Das Duo infernale wühlt sich durch saufende Studenten-Horden, Berge von Plunder und Zivilisation als Schutthalde. Kein Wunder, dass Faust wie dem Publikum am Ende der Geduldsfaden reißt: Er meuchelt Mephisto und zieht heroisch von dannen – in Islands Eiswüsten.

 

Sowjet-Tradition der Historien-Klamotte

 

Alexander Sokurow gilt als legitimer Nachfolger des metaphysischen Meister-Regisseurs Andrej Tarkowski. Dessen Menschheits-Tragödien schrumpfen hier zur Butzenscheiben-Farce: Die zwei Stunden lange Zote laugt den Zuschauer so aus wie ihre überbelichtet entsättigten Bilder. Alles, was entsteht, ist wert, dass es zugrunde geht.

 

Damit knüpft Sokurow an die sowjetische Kino-Tradition der Historien-Klamotte an. Zugleich erweist er der von ihm verehrten deutschen Kultur seine Referenz.

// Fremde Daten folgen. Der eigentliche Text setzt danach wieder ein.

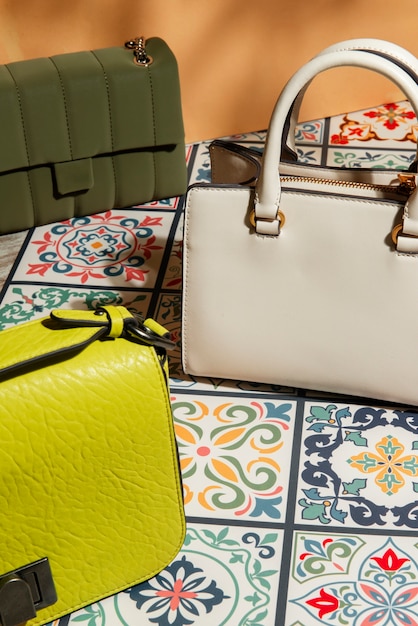 Free Photo mediterranean aesthetic tiles with women's bag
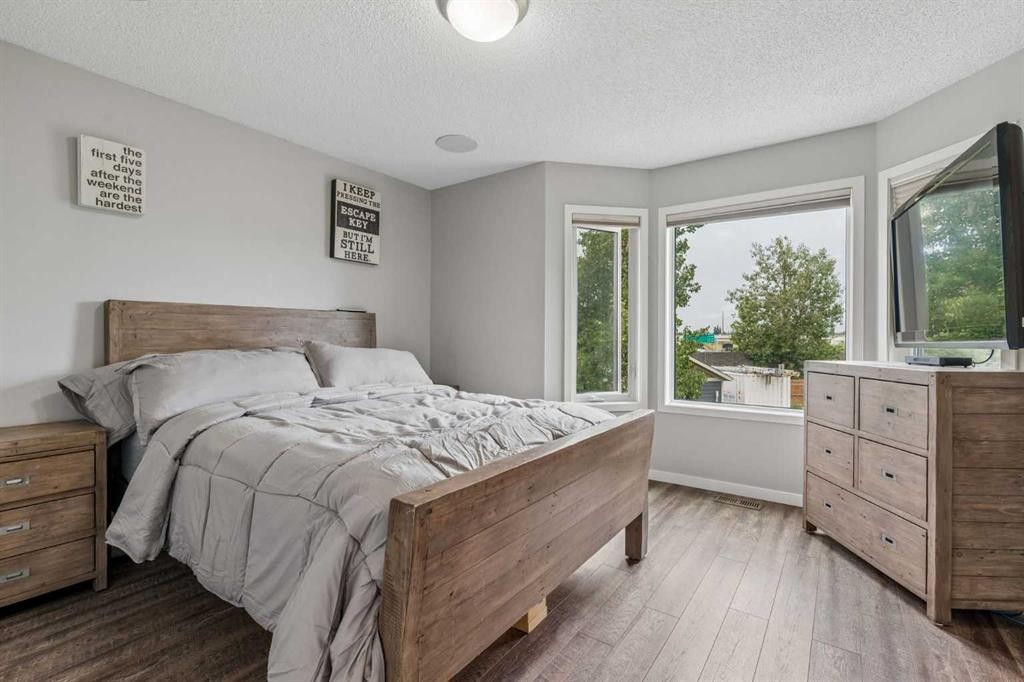230 Mt Lorette Place Se, Calgary, AB - Indoor Photo Showing Bedroom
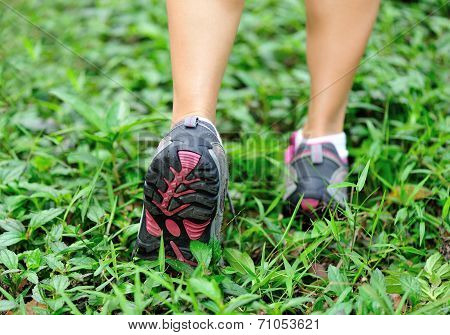 young woman runner legs on geen grass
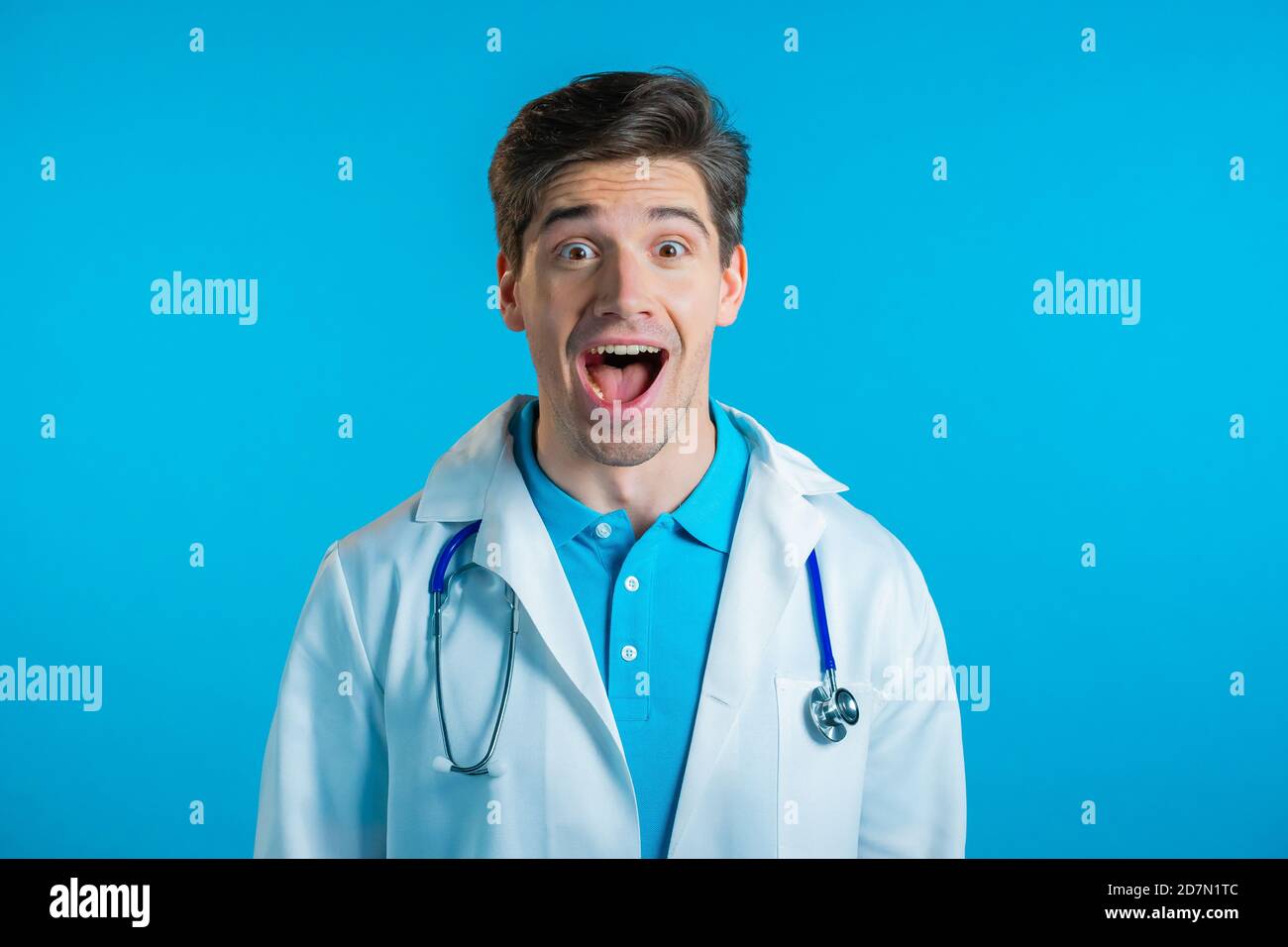 Amazed doctor man shocked, saying WOW. Handsome doc in medical coat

Das mag den  mephistophelischen Kreml-Herrscher bewogen haben, diesen «Faust» mit acht Millionen Euro zu fördern: um «die russische Mentalität der europäischen Kultur nahe zu bringen», so Putin.

 

Nihilismus des Teufels

 

Das Ergebnis gibt ihm Recht: Der Film dünstet einen so schwefelsauren Nihilismus aus, dass ihn sofort der Teufel holen möge. Was in die Biennale-Jury von Venedig gefahren ist, als sie ihm 2011 den Goldenen Löwen zuerkannte, wissen nur die höllischen Heerscharen.